Elbereth Vala Varda said:


> Turin Turambar was my vote, but Eru has seen and been to the most places of everyone, so.....


While it is true that Eru has seen every place in Arda, both above and below ground. He has only actually been to Cuiviénen to place the first Elves, wherever it was that he placed the first Men and to Aman to halt the invasion of the Numenorians and re-shape the world.


----------



## d4rk3lf (Jun 29, 2022)

Gothmog said:


> While it is true that Eru has seen every place in Arda, both above and below ground. He has only actually been to Cuiviénen to place the first Elves, wherever it was that he placed the first Men and to Aman to halt the invasion of the Numenorians and re-shape the world.

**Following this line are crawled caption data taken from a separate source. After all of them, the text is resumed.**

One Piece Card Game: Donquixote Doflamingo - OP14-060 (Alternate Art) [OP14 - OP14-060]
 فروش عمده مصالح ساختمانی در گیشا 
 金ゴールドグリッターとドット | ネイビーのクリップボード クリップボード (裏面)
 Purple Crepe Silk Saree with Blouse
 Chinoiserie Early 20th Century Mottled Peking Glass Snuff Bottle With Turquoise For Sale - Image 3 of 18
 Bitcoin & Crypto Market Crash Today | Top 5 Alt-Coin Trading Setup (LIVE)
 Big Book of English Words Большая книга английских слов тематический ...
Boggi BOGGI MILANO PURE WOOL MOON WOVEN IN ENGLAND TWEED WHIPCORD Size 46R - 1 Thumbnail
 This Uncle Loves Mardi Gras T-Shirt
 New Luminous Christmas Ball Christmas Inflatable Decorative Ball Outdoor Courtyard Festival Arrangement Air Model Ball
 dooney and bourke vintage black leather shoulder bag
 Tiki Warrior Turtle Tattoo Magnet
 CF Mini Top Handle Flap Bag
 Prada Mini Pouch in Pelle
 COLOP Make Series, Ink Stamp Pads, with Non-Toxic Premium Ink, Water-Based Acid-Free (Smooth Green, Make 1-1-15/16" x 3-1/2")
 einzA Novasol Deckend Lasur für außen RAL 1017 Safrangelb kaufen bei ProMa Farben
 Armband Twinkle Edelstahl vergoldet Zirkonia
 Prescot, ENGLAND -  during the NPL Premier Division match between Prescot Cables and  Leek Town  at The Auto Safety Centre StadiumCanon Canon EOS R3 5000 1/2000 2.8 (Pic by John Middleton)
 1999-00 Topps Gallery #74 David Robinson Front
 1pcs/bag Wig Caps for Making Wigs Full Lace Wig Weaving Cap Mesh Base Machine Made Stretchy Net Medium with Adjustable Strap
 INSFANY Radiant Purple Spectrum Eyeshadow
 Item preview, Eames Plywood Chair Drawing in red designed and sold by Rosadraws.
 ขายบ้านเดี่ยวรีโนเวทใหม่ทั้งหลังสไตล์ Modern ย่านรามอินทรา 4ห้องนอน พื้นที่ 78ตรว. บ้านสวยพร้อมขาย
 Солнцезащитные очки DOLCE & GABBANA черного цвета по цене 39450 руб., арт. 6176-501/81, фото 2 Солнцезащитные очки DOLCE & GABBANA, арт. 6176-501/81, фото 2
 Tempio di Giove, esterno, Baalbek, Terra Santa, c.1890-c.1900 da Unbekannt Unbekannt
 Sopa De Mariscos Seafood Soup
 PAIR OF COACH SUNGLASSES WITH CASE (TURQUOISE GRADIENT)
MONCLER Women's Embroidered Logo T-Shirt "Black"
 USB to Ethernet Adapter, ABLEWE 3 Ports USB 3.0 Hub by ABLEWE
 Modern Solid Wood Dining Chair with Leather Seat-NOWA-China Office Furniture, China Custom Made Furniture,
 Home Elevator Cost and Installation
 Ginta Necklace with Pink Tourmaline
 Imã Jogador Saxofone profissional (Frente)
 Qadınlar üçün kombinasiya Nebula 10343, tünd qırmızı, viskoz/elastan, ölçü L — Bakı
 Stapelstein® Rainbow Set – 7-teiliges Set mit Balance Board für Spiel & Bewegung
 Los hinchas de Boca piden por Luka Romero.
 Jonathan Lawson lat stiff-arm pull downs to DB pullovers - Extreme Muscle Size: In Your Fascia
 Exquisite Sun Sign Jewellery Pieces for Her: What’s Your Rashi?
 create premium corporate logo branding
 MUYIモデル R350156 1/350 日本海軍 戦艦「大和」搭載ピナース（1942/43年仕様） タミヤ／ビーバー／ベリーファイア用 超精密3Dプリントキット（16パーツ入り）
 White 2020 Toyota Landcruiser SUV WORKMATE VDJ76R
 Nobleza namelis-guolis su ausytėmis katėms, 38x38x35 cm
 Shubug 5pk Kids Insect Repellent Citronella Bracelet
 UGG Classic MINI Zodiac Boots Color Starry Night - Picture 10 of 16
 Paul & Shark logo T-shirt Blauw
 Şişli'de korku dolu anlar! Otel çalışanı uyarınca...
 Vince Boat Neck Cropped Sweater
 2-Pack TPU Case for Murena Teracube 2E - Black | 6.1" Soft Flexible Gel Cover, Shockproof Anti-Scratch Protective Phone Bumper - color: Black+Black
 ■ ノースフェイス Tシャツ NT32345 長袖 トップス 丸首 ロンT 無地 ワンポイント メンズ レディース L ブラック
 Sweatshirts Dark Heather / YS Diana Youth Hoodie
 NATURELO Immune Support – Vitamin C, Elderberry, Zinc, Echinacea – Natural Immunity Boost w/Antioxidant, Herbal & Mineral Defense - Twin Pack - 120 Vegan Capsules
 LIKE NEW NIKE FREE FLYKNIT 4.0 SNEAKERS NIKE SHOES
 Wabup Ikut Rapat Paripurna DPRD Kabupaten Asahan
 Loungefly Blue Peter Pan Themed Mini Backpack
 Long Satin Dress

Ummm.. I don't think that beings like Eru, or Christian God can be viewed like this. 
Since they are perfect, they are basically present at any place in any time... they are perfect... they don't interfere, but they are present... 
If they are not present everywhere, wouldn't that make them less.. perfect? 

Sorry for of topic , didn't want to venture into theological discussion. 
If you think about it.... isn't Valars also shown as being that strongest by being able to be in multiple places at the same time? 
Manwe being the best, since he can watch everything through the eyes of his eagles. 
Ulmo, being the second one, and able to be present everywhere where water is.


----------



## Gothmog (Jun 29, 2022)

d4rk3lf said:


> Ummm.. I don't think that beings like Eru, or Christian God can be viewed like this.
> Since they are perfect, they are basically present at any place in any time... they are perfect... they don't interfere, but they are present...
> If they are not present everywhere, wouldn't that make them less.. perfect?
> 
> ...


 
Letter 131 To Milton Waldman


> The cycles begin with a cosmogonical myth: the Music of the Ainur. God and the Valar (or powers: Englished as gods) are revealed. These latter are as we should say angelic powers, whose function is to exercise delegated authority in their spheres (of rule and government, not creation, making or re-making). They are 'divine', that is, were originally 'outside' and existed 'before' the making of the world. Their power and wisdom is derived from their Knowledge of the cosmogonical drama, which they perceived first as a drama (that is as in a fashion we perceive a story composed by some-one else), and later as a 'reality'. On the side of mere narrative device, this is, of course, meant to provide beings of the same order of beauty, power, and majesty as the 'gods' of higher mythology, which can yet be accepted – well, shall we say baldly, by a mind that believes in the Blessed Trinity.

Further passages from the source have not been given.